## EXERCISE AIM
Transcribe exactly, and only, the lines running from the one that contains "BBC Orange Chest Unisex t-shirt" through the last line of the material. No pictures.

## DATA BLOCK
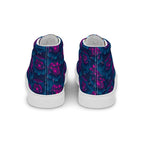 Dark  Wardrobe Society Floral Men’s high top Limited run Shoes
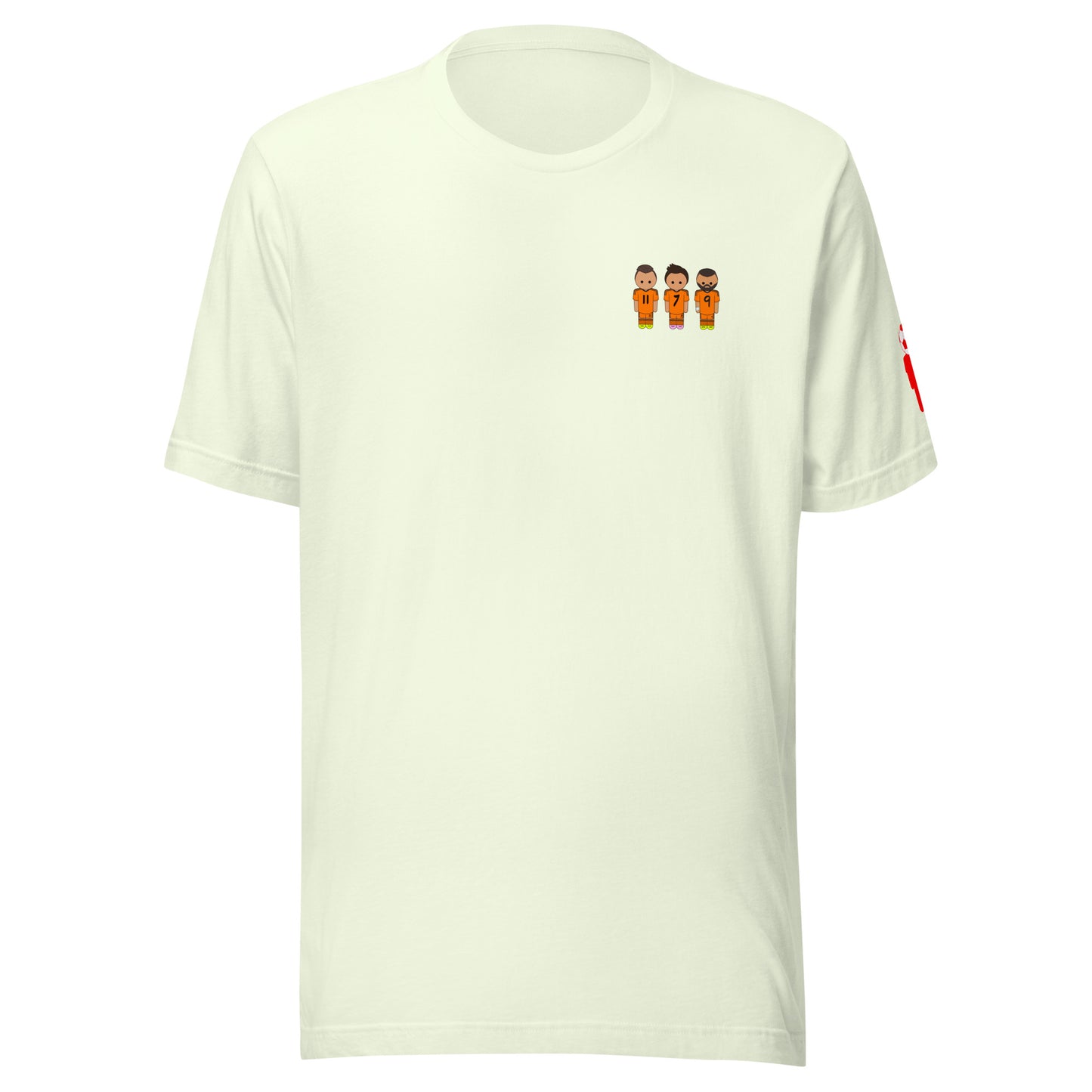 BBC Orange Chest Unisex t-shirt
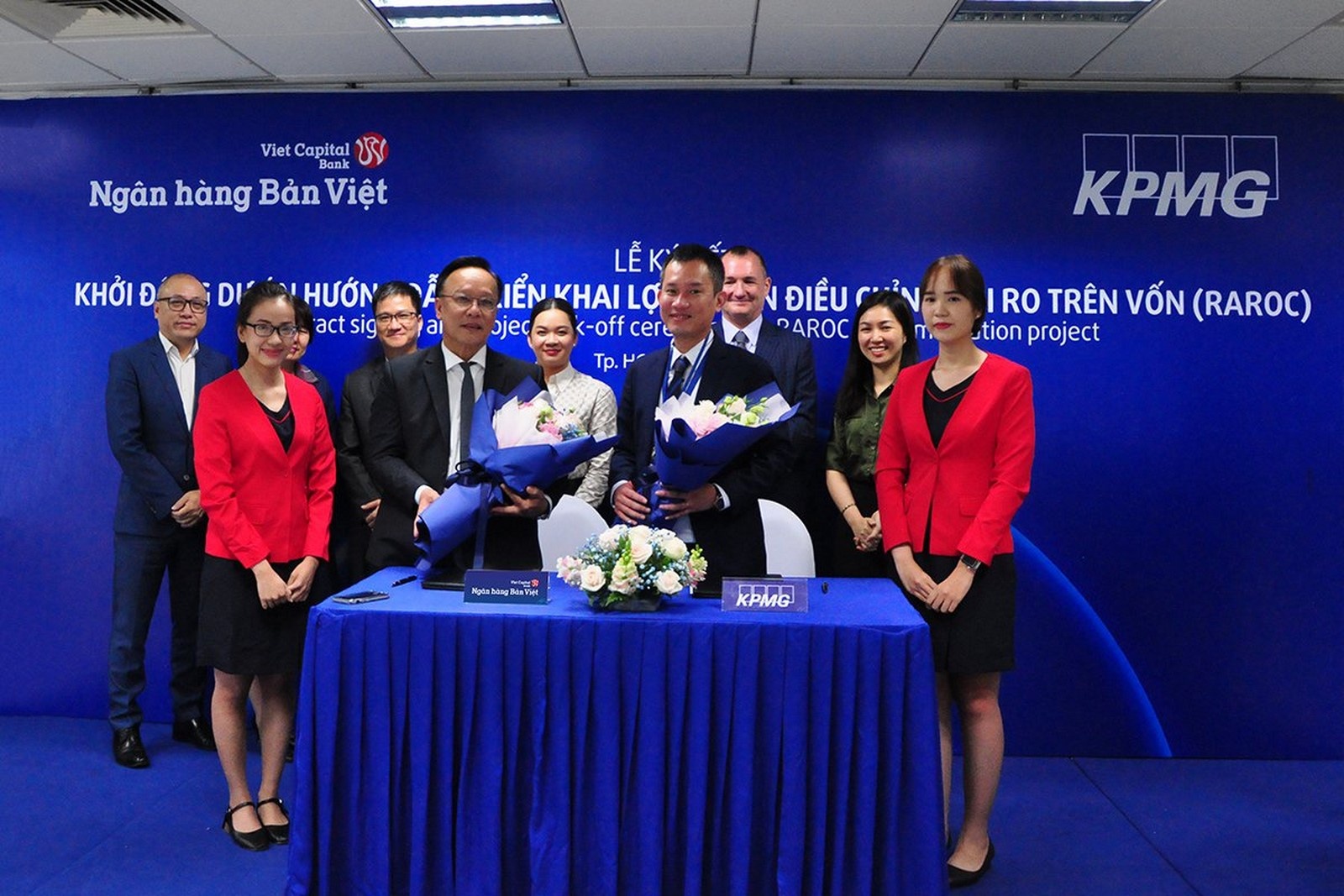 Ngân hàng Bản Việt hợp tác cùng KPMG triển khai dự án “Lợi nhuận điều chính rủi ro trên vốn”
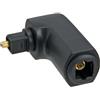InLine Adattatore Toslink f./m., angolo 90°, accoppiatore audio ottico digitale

## RESPONSE TO THE TASK
 BBC Orange Chest Unisex t-shirt
 Ngân hàng Bản Việt hợp tác cùng KPMG triển khai dự án “Lợi nhuận điều chính rủi ro trên vốn”
InLine Adattatore Toslink f./m., angolo 90°, accoppiatore audio ottico digitale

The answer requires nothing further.